Notice that {active, true} mode provides no flow control; a fast sender
can easily overflow the receiver with incoming messages. The same is true for
{active, N} mode, while the message count is greater than zero.
Use active mode only if your high-level protocol provides its own flow control
(for example, acknowledging received messages) or the amount of data exchanged
is small. {active, false} mode, use of the {active, once} mode,
or {active, N} mode with values of N appropriate for the
application provides flow control. The other side cannot send faster than the
receiver can read.
- {broadcast, Boolean} (UDP sockets):
- Enables/disables permission to send broadcasts.
- {buffer, Size}:
- The size of the user-level buffer used by the driver. Not to be confused with options sndbuf and recbuf, which correspond to the Kernel socket buffers. For TCP it is recommended to have val(buffer) >= val(recbuf) to avoid performance issues because of unnecessary copying. For UDP the same recommendation applies, but the max should not be larger than the MTU of the network path. val(buffer) is automatically set to the above maximum when recbuf is set. However, as the size set for recbuf usually become larger, you are encouraged to use getopts/2 to analyze the behavior of your operating system.

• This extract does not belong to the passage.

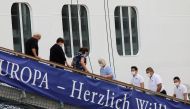 Passengers briefly disembark the MSC Europa cruise ship after docking to South African waters, as the new coronavirus variant Omicron spreads, in Cape Town, South Africa, November 30, 2021. REUTERS/Shelley Christians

Note that this is also the maximum amount of data that can be received from a
single recv call. If you are using higher than normal MTU consider setting
buffer higher.
- {delay_send, Boolean}:
- Normally, when an Erlang process sends to a socket, the driver tries to send the data immediately. If that fails, the driver uses any means available to queue up the message to be sent whenever the operating system says it can handle it. Setting {delay_send, true} makes all messages queue up. The messages sent to the network are then larger but fewer. The option affects the scheduling of send requests versus Erlang processes instead of changing any real property of the socket. The option is implementation-specific. Defaults to false.
- {deliver, port | term}:
- When {active, true}, data is delivered on the form port : {S, {data, [H1,..Hsz | Data]}} or term : {tcp, S, [H1..Hsz | Data]}.
- {dontroute, Boolean}:
- Enables/disables routing bypass for outgoing messages.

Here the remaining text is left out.